| YELLOWSTONE
NATIONAL PARK:
Protect bison, the symbols of our national parks
BY MICHAEL MARKARIAN, Commentator
Posted on Thu, Jan. 22, 2004
Pioneer Press, St. Paul, Minnesota
|
| Two
days before Thanksgiving, a lone male buffalo wandered
over the boundary separating Yellowstone National Park
from the state of Montana.
On the Montana side of that invisible line, state livestock
officials, assisted by Yellowstone park rangers, herded
the buffalo back toward the park and shot him five times.
The buffalo died some 25 yards shy of reaching the Yellowstone
border; the agents dragged him from the scene, hoisted
him onto a truck with a forklift, gutted him, skinned
him and removed his head.
This Yellowstone buffalo met the same fate as more than
3,000 others that have been gunned down or slaughtered
over the past decade, ostensibly to protect the few
hundred cattle grazing outside the park from the threat
of a disease called brucellosis. While threats to our
food supply such as "mad cow disease" have
recently dominated the news, brucellosis does not have
similar implications for public health. There are a
variety of forms of brucellosis, and the most serious
form relative to human health does not occur in buffalo.
Many of Yellowstone's buffalo carry the bacteria that
cause brucellosis, although they seem to have developed
an immunity to the disease and do not become sick. In
domestic cattle, brucellosis causes premature births
and understandably could cause an economic hardship
to the livestock industry, but buffalo have exhibited
no such symptoms.
In fact, there has never been a single documented case
of a buffalo transmitting brucellosis to cattle in the
wild. For that to occur, there would need to be a series
of unlikely incidents: a female buffalo would need not
only to be infected with the bacteria but to have it
present specifically in her reproductive tract; she
would need to give birth or miscarry in an area where
cattle are present; and a cow would need to have direct
physical contact with that birthing material within
one or two days before the bacteria died from sunlight
exposure.
A cow may have a better chance of winning the Montana
lottery than contracting brucellosis from a wild buffalo.
Juvenile and male buffalo are defined as "low risk"
by state and federal officials, but in reality they
are "no risk" for the simple reason that juveniles
and males do not get pregnant. What's more, cattle only
graze on the lands bordering Yellowstone during the
summer months, and they are miles away when bison leave
the park in search of lower elevation and additional
forage for a harsh winter. It begs the question: if
a male buffalo leaves the park after cattle have long
been removed from those lands, and that same male buffalo
cannot give birth, why was he killed?
There is no good answer. The management of Yellowstone
buffalo has been based on hysteria and speculation rather
than sound science. Montana claims that allowing buffalo
into the state would jeopardize its federal "brucellosis-free"
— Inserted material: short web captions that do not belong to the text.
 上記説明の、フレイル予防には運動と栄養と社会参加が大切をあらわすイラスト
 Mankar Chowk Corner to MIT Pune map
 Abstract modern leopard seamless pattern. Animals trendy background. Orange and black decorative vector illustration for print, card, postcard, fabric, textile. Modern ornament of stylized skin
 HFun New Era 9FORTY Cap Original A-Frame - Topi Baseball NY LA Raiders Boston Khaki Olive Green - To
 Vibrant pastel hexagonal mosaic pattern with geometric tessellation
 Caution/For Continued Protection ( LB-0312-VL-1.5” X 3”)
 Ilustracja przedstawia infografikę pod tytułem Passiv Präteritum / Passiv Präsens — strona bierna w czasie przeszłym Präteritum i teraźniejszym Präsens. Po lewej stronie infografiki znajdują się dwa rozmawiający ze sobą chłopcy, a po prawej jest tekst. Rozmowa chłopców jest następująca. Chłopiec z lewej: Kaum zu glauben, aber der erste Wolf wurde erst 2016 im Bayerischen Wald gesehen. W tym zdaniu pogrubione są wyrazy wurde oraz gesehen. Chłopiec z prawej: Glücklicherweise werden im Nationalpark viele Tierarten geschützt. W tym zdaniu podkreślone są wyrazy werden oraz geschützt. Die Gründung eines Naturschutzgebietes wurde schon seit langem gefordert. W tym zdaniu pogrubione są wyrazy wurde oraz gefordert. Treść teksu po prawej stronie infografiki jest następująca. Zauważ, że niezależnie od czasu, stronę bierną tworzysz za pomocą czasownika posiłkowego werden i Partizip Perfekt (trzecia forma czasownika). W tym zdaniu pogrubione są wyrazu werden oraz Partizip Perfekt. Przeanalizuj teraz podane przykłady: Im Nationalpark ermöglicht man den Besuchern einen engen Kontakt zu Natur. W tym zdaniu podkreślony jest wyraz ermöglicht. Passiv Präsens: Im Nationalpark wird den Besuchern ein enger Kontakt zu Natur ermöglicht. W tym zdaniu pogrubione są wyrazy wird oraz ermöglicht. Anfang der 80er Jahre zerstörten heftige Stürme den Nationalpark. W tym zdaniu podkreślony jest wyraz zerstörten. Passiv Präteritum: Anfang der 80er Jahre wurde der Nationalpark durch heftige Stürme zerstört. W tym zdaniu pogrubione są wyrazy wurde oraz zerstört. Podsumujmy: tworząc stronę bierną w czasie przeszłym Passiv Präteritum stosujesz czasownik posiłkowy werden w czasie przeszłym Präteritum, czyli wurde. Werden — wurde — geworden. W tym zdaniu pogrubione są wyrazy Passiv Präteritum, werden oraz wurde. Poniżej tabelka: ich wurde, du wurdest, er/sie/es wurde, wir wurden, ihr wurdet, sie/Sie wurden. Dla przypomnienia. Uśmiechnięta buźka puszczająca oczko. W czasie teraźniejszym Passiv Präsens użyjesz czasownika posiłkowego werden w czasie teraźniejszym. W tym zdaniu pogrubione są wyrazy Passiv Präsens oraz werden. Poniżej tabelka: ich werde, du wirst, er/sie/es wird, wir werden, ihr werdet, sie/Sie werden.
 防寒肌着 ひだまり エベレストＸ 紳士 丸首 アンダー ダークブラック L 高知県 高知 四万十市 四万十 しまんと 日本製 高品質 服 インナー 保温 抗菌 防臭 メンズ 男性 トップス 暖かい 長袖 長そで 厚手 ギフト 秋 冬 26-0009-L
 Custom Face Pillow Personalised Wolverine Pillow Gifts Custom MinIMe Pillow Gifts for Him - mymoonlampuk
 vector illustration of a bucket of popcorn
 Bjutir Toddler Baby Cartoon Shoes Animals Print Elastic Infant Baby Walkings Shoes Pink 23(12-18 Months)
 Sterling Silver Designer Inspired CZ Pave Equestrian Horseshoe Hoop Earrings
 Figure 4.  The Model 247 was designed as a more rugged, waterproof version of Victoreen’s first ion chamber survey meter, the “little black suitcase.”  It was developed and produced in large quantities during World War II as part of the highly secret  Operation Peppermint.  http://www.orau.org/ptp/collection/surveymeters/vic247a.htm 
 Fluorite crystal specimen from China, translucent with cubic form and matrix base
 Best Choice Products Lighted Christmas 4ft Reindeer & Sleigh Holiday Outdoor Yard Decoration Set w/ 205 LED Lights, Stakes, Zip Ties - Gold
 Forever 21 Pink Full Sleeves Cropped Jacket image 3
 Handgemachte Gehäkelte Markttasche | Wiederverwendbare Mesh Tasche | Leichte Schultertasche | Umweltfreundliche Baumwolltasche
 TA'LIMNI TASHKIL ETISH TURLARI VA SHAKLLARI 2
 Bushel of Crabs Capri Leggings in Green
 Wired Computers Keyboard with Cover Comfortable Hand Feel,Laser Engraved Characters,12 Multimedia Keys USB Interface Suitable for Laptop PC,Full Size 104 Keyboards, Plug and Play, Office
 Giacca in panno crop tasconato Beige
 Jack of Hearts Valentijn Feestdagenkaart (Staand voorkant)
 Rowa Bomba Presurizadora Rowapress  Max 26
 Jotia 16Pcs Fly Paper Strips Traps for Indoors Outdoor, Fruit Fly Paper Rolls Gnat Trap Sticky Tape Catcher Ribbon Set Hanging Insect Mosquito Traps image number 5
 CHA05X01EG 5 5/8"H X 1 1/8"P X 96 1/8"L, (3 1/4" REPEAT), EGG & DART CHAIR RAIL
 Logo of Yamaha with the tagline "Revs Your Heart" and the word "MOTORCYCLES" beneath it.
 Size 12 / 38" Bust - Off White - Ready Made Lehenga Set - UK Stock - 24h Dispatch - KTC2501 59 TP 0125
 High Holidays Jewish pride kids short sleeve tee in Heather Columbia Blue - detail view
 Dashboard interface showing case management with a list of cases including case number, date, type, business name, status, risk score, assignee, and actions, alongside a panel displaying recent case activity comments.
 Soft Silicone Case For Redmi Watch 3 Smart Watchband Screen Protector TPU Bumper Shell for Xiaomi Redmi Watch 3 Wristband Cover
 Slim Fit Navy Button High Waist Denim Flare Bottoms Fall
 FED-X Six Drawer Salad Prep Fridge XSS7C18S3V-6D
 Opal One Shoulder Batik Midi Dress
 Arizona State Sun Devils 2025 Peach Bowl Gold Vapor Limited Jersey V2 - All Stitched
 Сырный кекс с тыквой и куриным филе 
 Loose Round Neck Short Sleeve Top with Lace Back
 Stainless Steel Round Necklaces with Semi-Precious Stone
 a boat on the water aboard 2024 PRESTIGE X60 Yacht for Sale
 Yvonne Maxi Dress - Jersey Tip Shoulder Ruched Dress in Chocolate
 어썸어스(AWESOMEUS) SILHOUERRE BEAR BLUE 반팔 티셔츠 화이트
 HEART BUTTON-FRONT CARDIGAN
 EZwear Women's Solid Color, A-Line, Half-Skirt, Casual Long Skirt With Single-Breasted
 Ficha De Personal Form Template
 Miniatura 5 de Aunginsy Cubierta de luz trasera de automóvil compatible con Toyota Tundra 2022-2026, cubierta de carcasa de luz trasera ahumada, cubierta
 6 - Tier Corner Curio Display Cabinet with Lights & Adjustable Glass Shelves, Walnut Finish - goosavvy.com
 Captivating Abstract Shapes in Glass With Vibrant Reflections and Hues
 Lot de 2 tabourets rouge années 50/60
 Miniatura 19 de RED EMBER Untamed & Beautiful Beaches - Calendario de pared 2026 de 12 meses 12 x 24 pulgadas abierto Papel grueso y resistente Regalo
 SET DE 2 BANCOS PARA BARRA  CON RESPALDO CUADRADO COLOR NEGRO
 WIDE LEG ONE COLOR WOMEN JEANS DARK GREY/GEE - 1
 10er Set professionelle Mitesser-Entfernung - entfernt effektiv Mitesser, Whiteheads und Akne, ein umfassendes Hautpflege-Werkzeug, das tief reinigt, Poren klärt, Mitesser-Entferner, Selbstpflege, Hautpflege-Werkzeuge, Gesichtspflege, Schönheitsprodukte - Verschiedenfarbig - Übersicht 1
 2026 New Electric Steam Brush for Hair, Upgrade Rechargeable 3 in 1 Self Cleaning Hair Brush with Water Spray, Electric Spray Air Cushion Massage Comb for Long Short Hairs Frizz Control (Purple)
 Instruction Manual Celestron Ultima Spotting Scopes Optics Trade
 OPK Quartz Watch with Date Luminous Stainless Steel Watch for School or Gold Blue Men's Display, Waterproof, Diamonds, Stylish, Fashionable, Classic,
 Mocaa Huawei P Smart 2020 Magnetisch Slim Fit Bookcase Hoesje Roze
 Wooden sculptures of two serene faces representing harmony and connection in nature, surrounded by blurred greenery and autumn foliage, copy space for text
status, and therefore state agencies have zero tolerance
for the animals. But even if buffalo could theoretically
pose a threat to cattle, there would not be much cause
for concern. Domestic livestock can be easily vaccinated
against brucellosis; pastures are fenced; any infected
cattle could be isolated and killed; and states like
Texas and Missouri have yet to attain "brucellosis-free"
status and have thriving livestock industries.
U.S. Reps. Maurice Hinchey, D-N.Y., and Charles Bass,
R-N.H., have proposed a solution that would return the
management of Yellowstone buffalo to sound scientific
footing. Their Yellowstone Buffalo Preservation Act,
H.R. 3446, would allow wild buffalo access to federal
lands outside Yellowstone National Park and would prohibit
the capture or killing of buffalo on these lands, with
an exception for public safety or private property damage.
The bill removes the buffalo capture facility within
the park, and allows buffalo — like other wildlife
— to roam public lands freely through incentives
and cooperative efforts with adjacent private landowners.
It's a common-sense bill that balances public and private
interests, fiscal responsibility, sound science and
our moral obligations to a species all but wiped out
in the 19th century — an animal now the very symbol
of the National Park Service and the Department of the
Interior. Congress should act swiftly to pass this bill.
More buffalo will soon leave Yellowstone in search of
food, and it is likely to be a bloody winter for these
beleaguered creatures.
Markarian is president of The Fund for Animals, a national
animal protection organization in Silver Spring, Md.